Aim of the task:
Skip the pictures and write out, word for word, the lines below from the one with "used 2022 Ford" through the one with "Bertling Logistics Aberdeen", inclusive.

Records for this exercise:
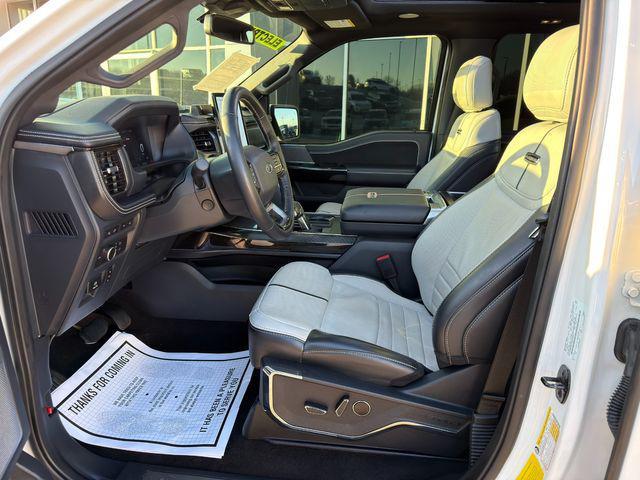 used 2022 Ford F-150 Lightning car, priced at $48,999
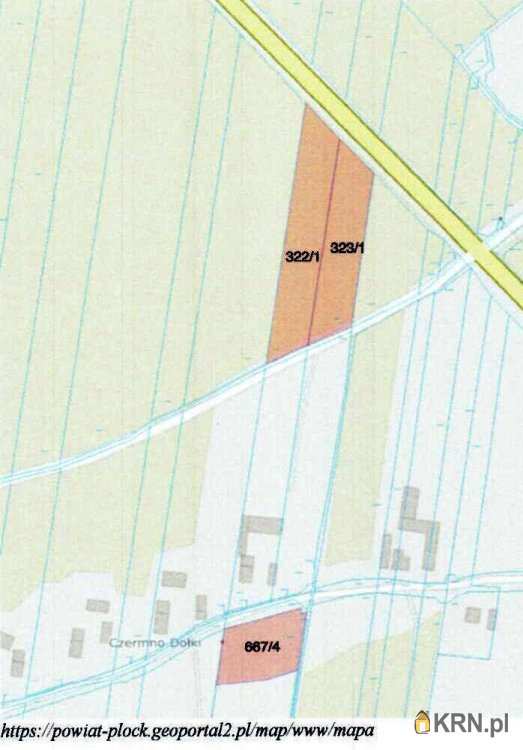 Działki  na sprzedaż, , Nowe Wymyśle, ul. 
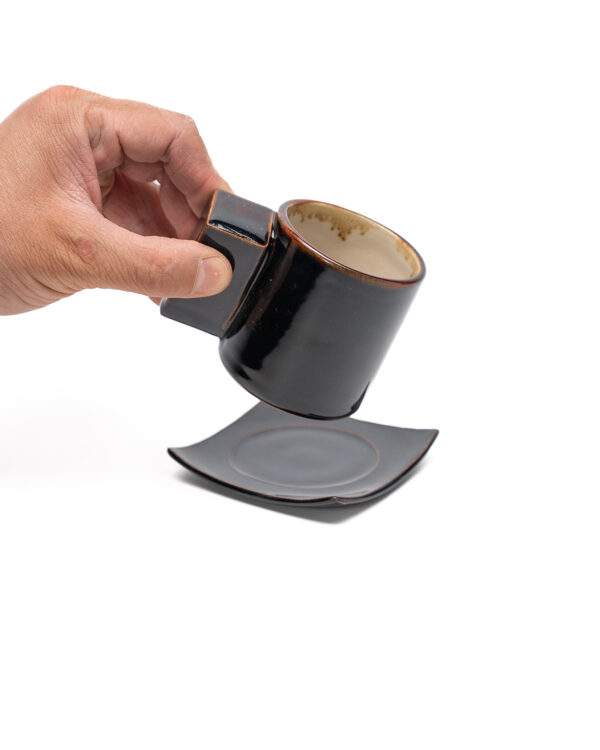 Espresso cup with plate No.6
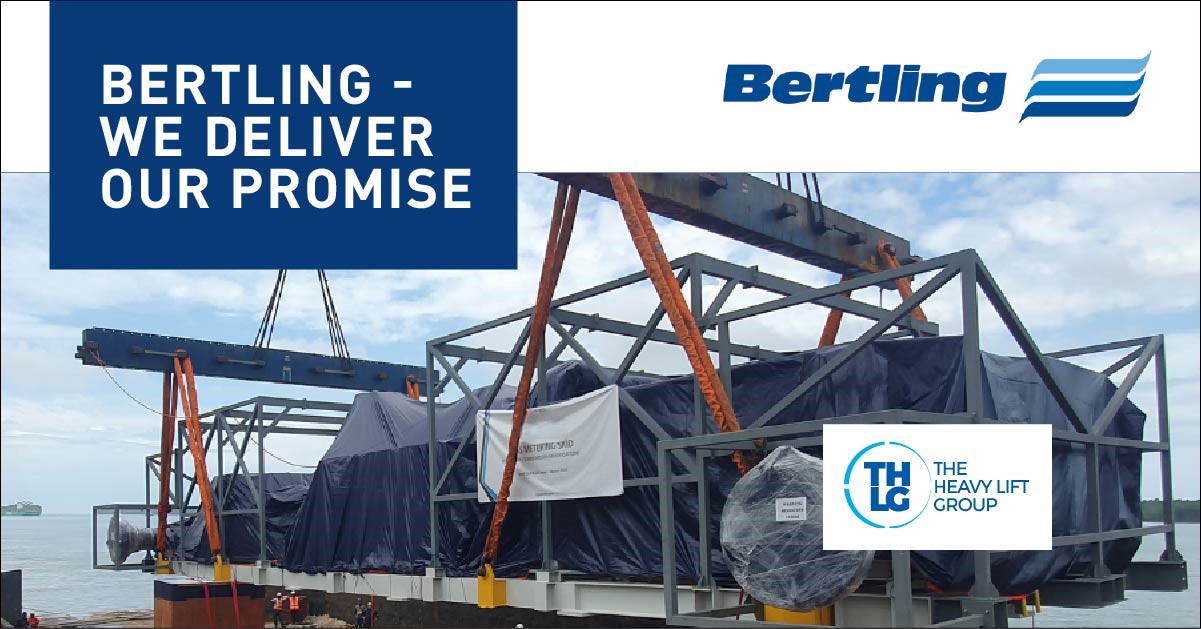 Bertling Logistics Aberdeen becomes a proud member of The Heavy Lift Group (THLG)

--

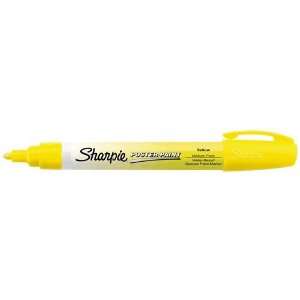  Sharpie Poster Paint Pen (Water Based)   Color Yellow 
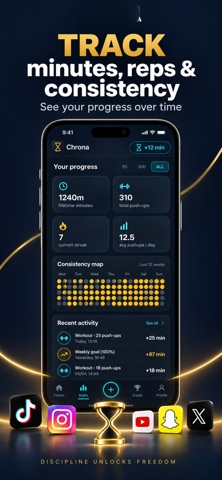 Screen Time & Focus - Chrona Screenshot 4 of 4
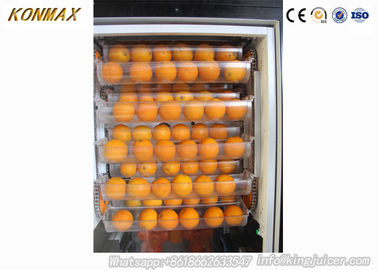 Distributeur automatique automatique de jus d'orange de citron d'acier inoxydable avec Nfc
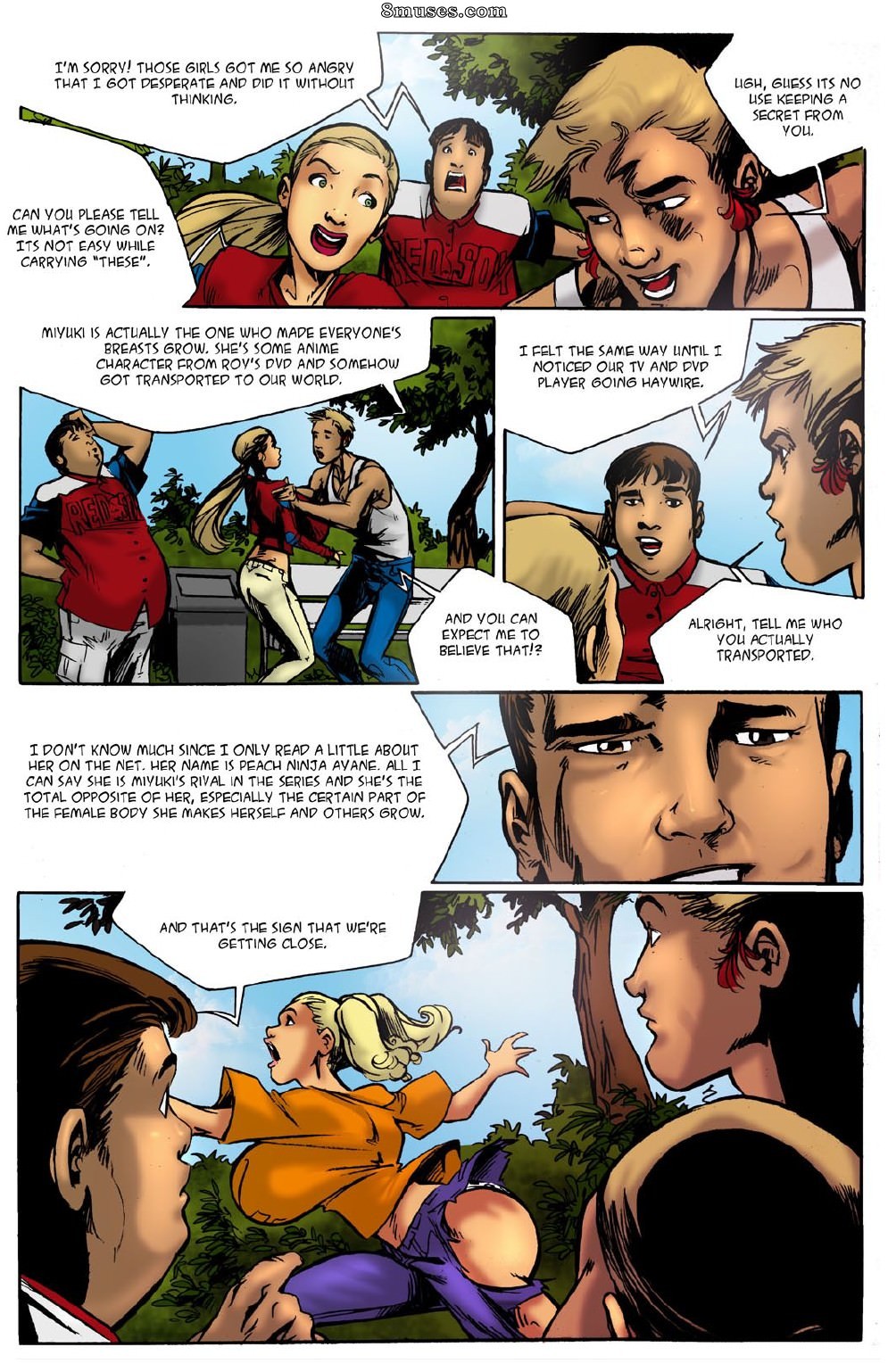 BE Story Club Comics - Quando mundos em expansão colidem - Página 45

==

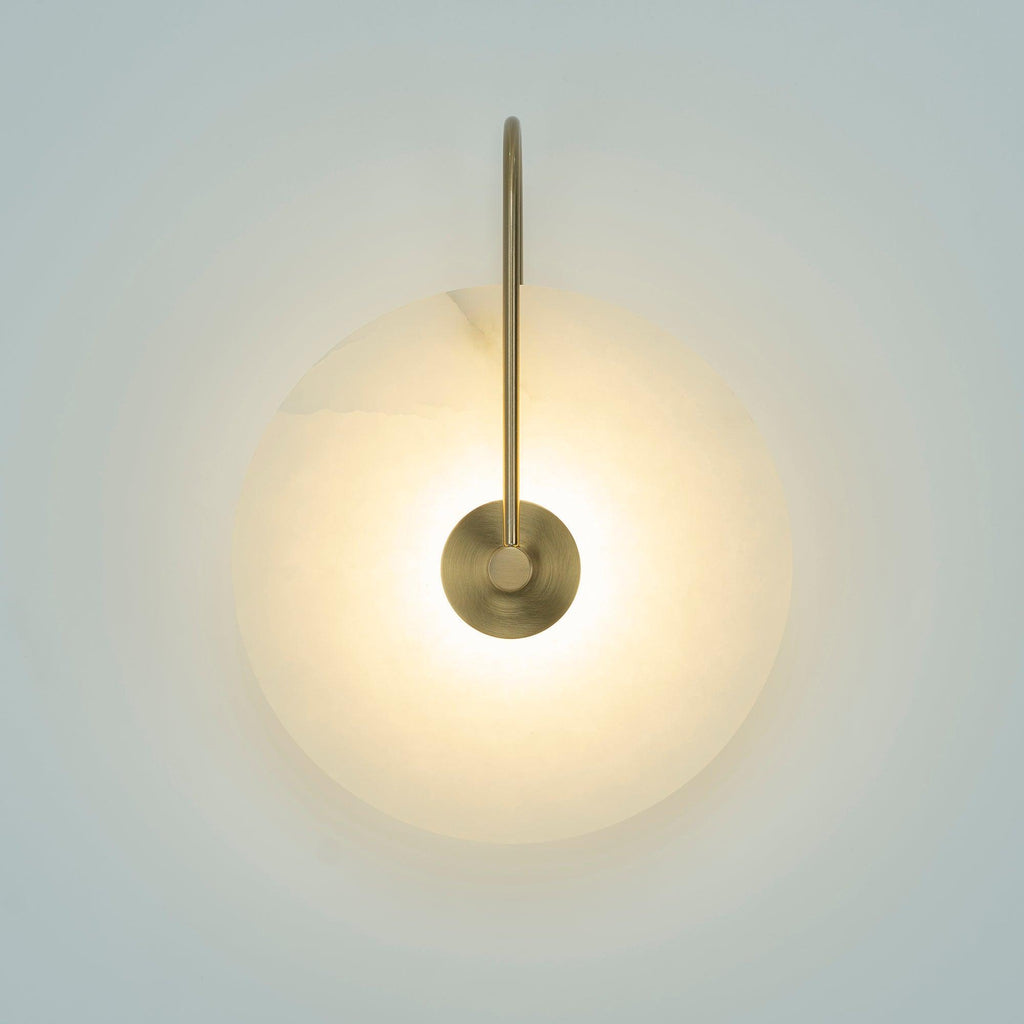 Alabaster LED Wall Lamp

Result:
 used 2022 Ford F-150 Lightning car, priced at $48,999
 Działki  na sprzedaż, , Nowe Wymyśle, ul. 
 Espresso cup with plate No.6
 Bertling Logistics Aberdeen becomes a proud member of The Heavy Lift Group (THLG)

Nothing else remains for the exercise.